__Assignment__. Directions for the data below: repeat exactly the lines from the one with "Long, luxurious golden" through the one with "Quality Gold Sterling", both included, and omit all pictures.

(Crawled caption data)
────────────────────────────────────────

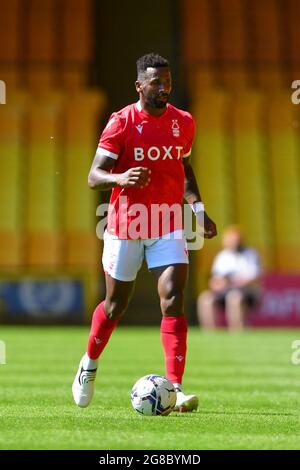 BURSLEM, ROYAUME-UNI. 17 JUILLET Cafu de la forêt de Nottingham pendant le match amical avant-saison entre Port Vale et la forêt de Nottingham à Vale Park, Bursrem le samedi 17 juillet 2021. (Credit: Jon Hobley | MI News) Credit: MI News & Sport /Alay Live News Banque D'Images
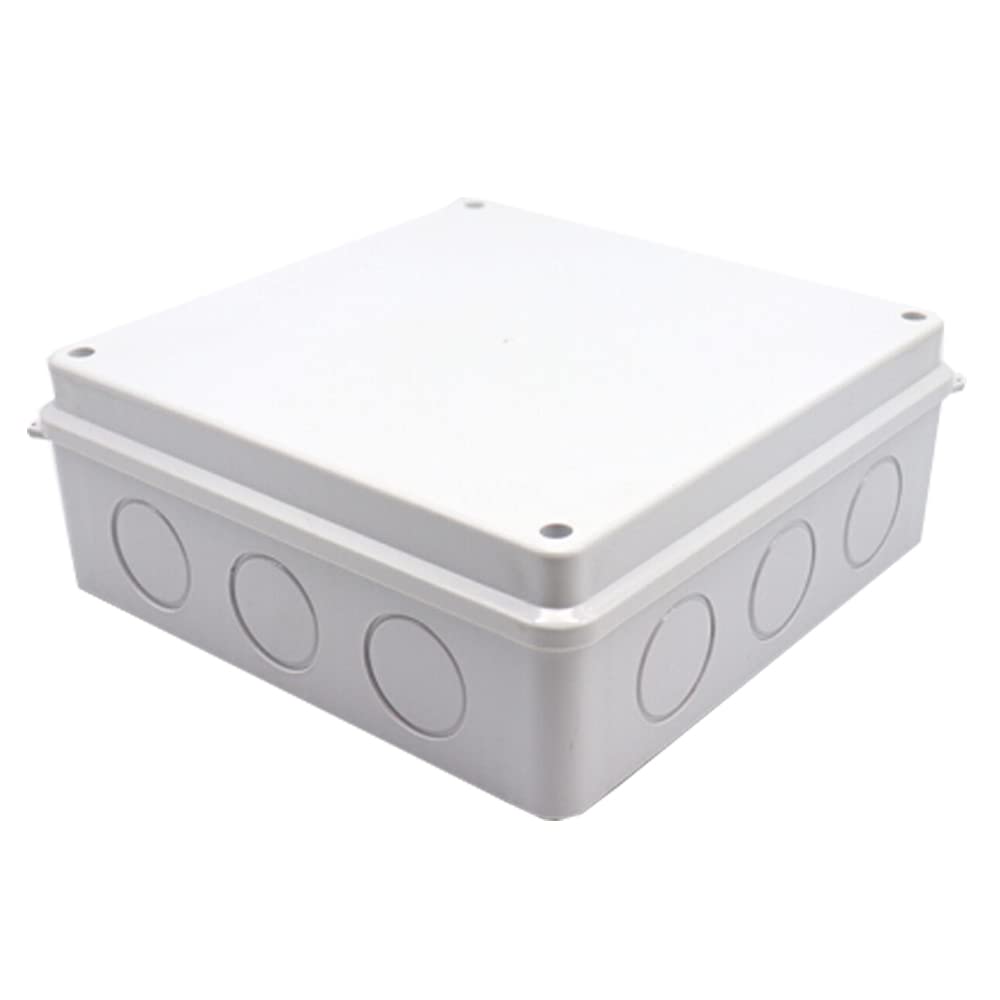 Electrical Junction Box, IP55 Weatherproof Electrical Enclosure Project Instrument Case, Reserved Hole Project Box (1Pcs - 255 x 200 x 80mm)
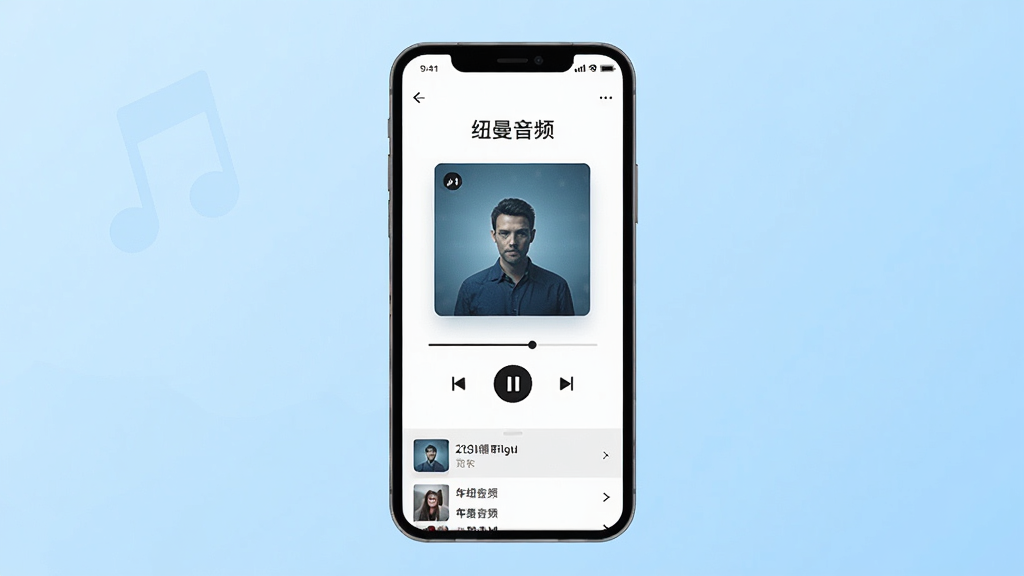 画面中央放置一部智能手机,手机屏幕显示简洁的音乐播放界面,界面顶部有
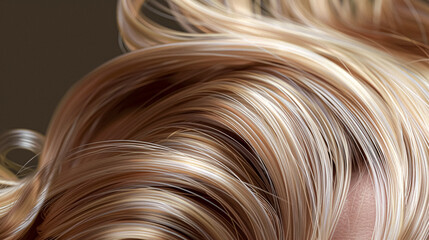 Long, luxurious golden blonde hair with soft waves and curls, shine and healthy texture against a dark background. AI generated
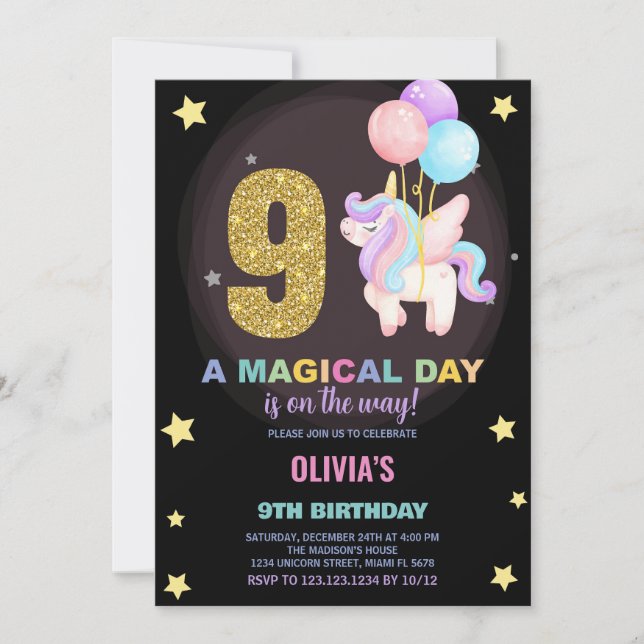 9:e födelsedagsinbjudan till Unicorn Birthday Inbjudningar (Framsida)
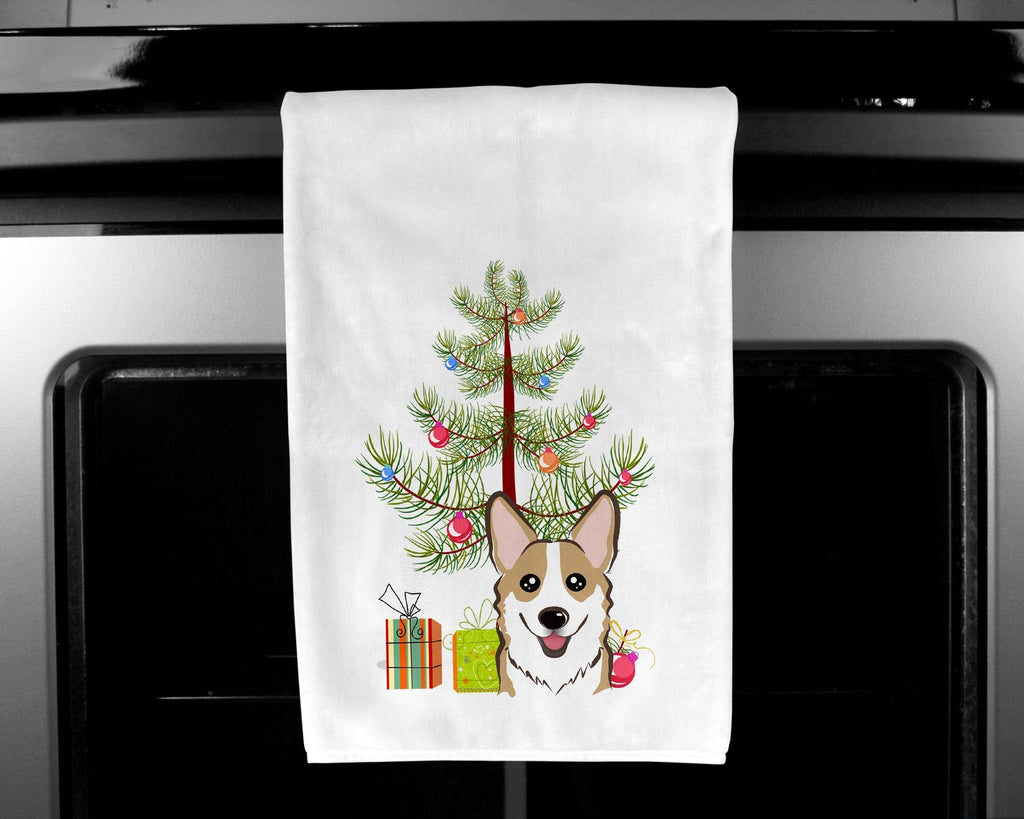 Christmas Tree and Sable Corgi Kitchen Towel Set of 2 White Dish Towels Decorative Bathroom Hand towel for Hand, Face, Hair, Yoga, Tea, Dishcloth, 19 X 28", White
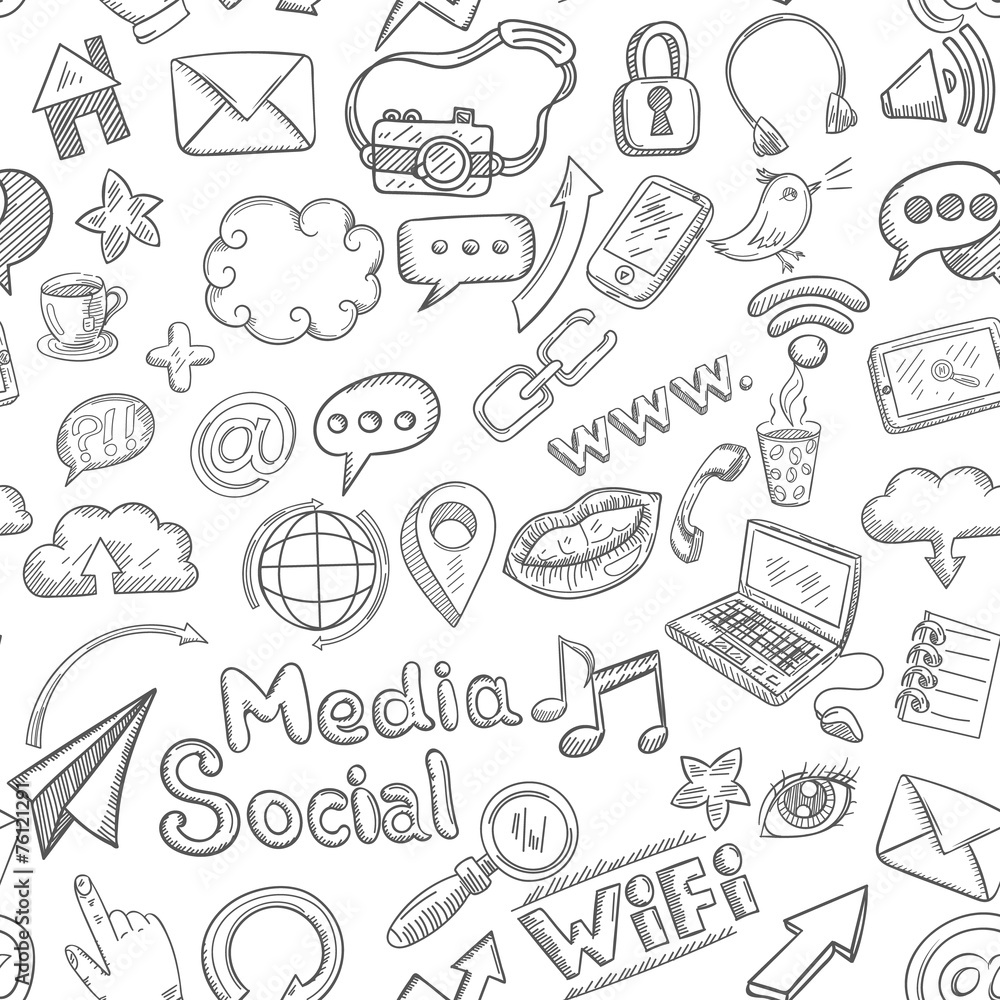 Social Seamless Doodle Social Seamless Doodle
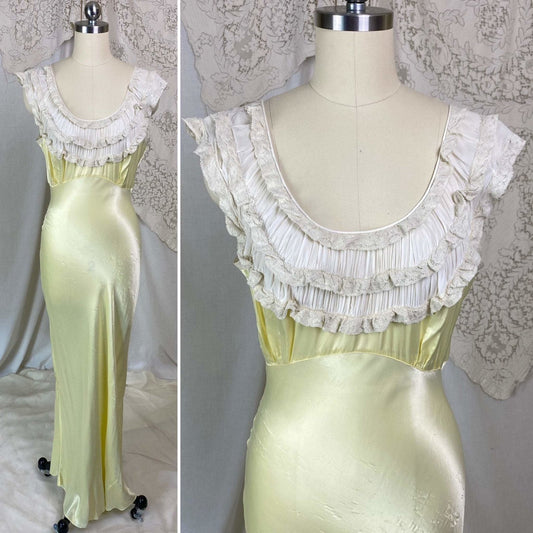 Vintage 1940's Nightgown | Pastel Yellow Rayon Satin with Bone White Chiffon & Ruffled Lace | Size XS, S | Forty Winks - Daggers & Dames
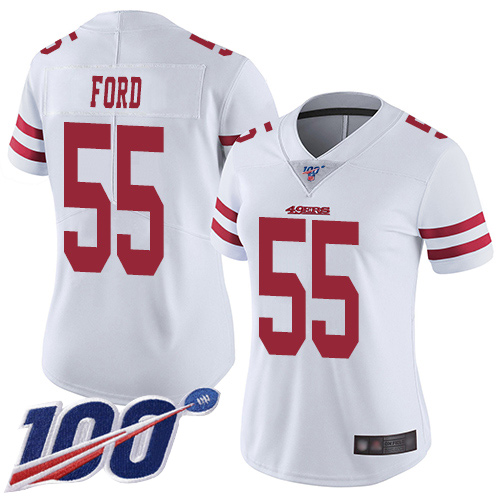 Nike 49ers #55 Dee Ford White Women's Stitched NFL 100th Season Vapor Limited Jersey Nike 49ers #55 Dee Ford White Women's Stitched NFL 100th Season Vapor Limited Jersey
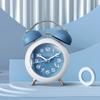 Large alarm clock wakes up creative students and children mechanical metal bell mute night light bedroom desktop clock F18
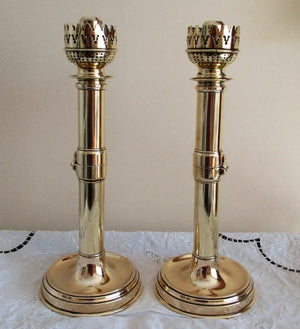 Pair of Antique French Metamorphic Brass Candlesticks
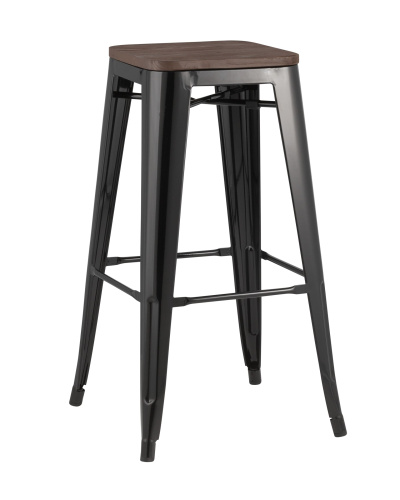 Стул барный TOLIX WOOD черный глянцевый. Фото №2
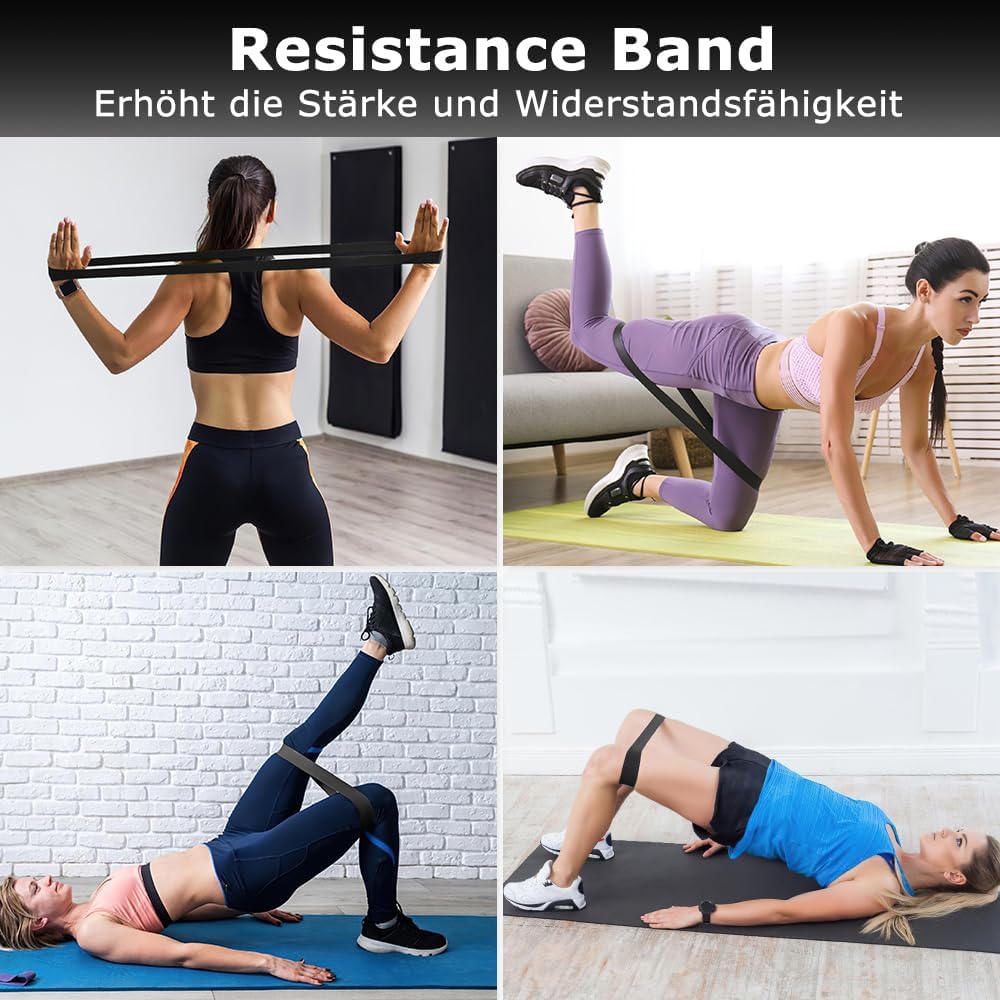 Faszienrolle, Qveetry 6-in-1 Schaumstoffrolle, Faszienrollen-Sets mit Massagerollerstange, Widerstandsbänder, Krafttraining, Massageball, Fitnessbänder, 33 cm Schaumstoffrolle für Yoga, Pilates, Sport – Bild 6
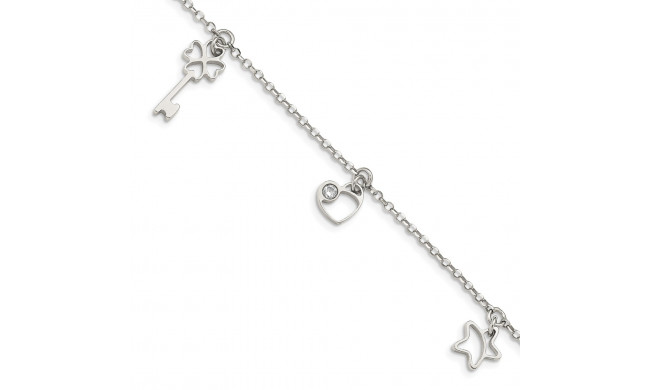 Quality Gold Sterling Silver CZ Heart Star & Key Bracelet - QG4892-6.5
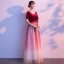Affordable Burgundy Gradient-Color Suede Evening Dresses  2020 A-Line / Princess Square Neckline 1/2 Sleeves Sash Glitter Tulle Floor-Length / Long Ruffle Formal Dresses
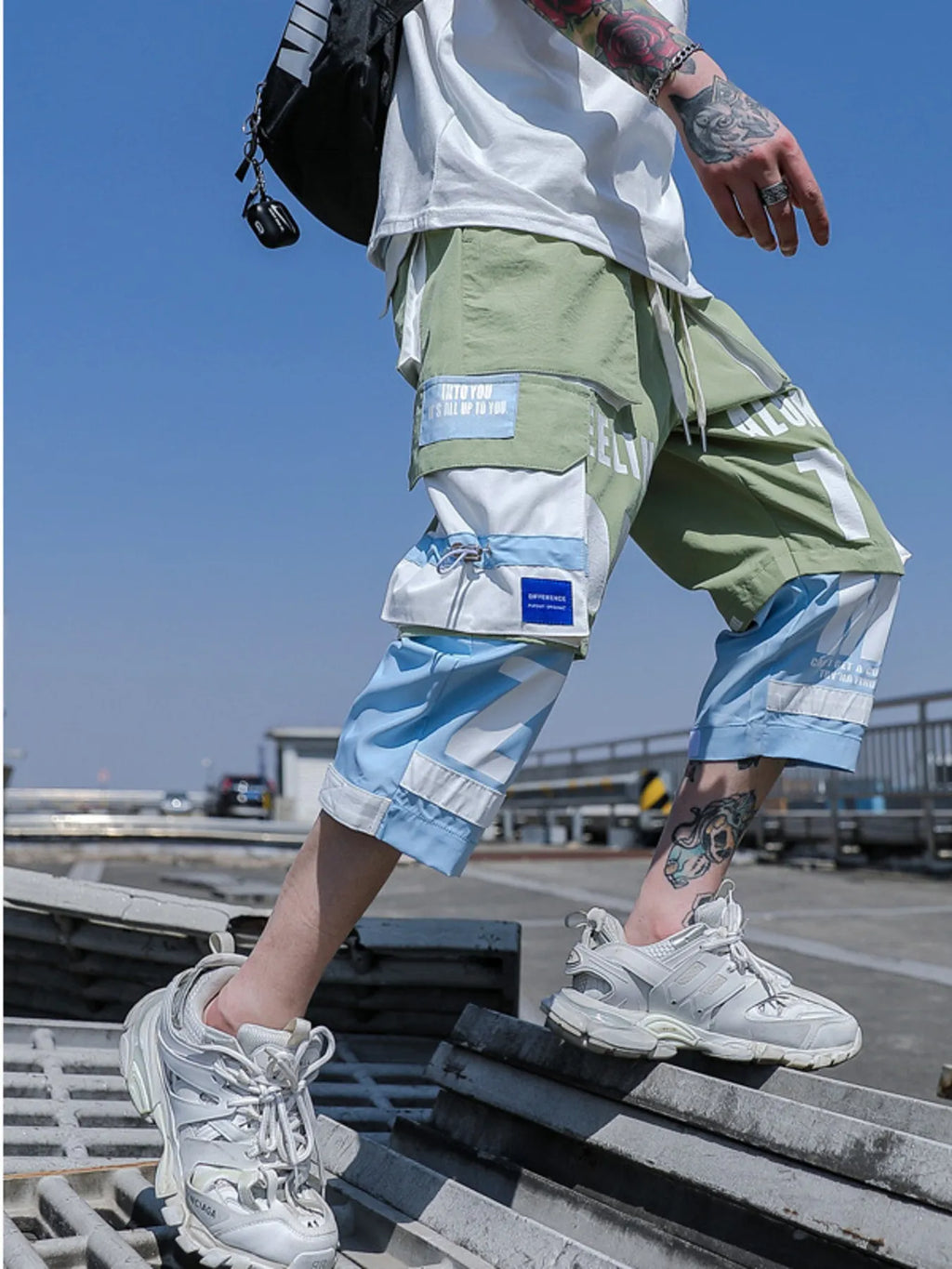 Men's Plus Size Color Block Cargo Pants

────────────────────────────────────────

__Task output__.
 Long, luxurious golden blonde hair with soft waves and curls, shine and healthy texture against a dark background. AI generated
 9:e födelsedagsinbjudan till Unicorn Birthday Inbjudningar (Framsida)
 Christmas Tree and Sable Corgi Kitchen Towel Set of 2 White Dish Towels Decorative Bathroom Hand towel for Hand, Face, Hair, Yoga, Tea, Dishcloth, 19 X 28", White
 Social Seamless Doodle Social Seamless Doodle
 Vintage 1940's Nightgown | Pastel Yellow Rayon Satin with Bone White Chiffon & Ruffled Lace | Size XS, S | Forty Winks - Daggers & Dames
 Nike 49ers #55 Dee Ford White Women's Stitched NFL 100th Season Vapor Limited Jersey Nike 49ers #55 Dee Ford White Women's Stitched NFL 100th Season Vapor Limited Jersey
 Large alarm clock wakes up creative students and children mechanical metal bell mute night light bedroom desktop clock F18
 Pair of Antique French Metamorphic Brass Candlesticks
 Стул барный TOLIX WOOD черный глянцевый. Фото №2
 Faszienrolle, Qveetry 6-in-1 Schaumstoffrolle, Faszienrollen-Sets mit Massagerollerstange, Widerstandsbänder, Krafttraining, Massageball, Fitnessbänder, 33 cm Schaumstoffrolle für Yoga, Pilates, Sport – Bild 6
 Quality Gold Sterling Silver CZ Heart Star & Key Bracelet - QG4892-6.5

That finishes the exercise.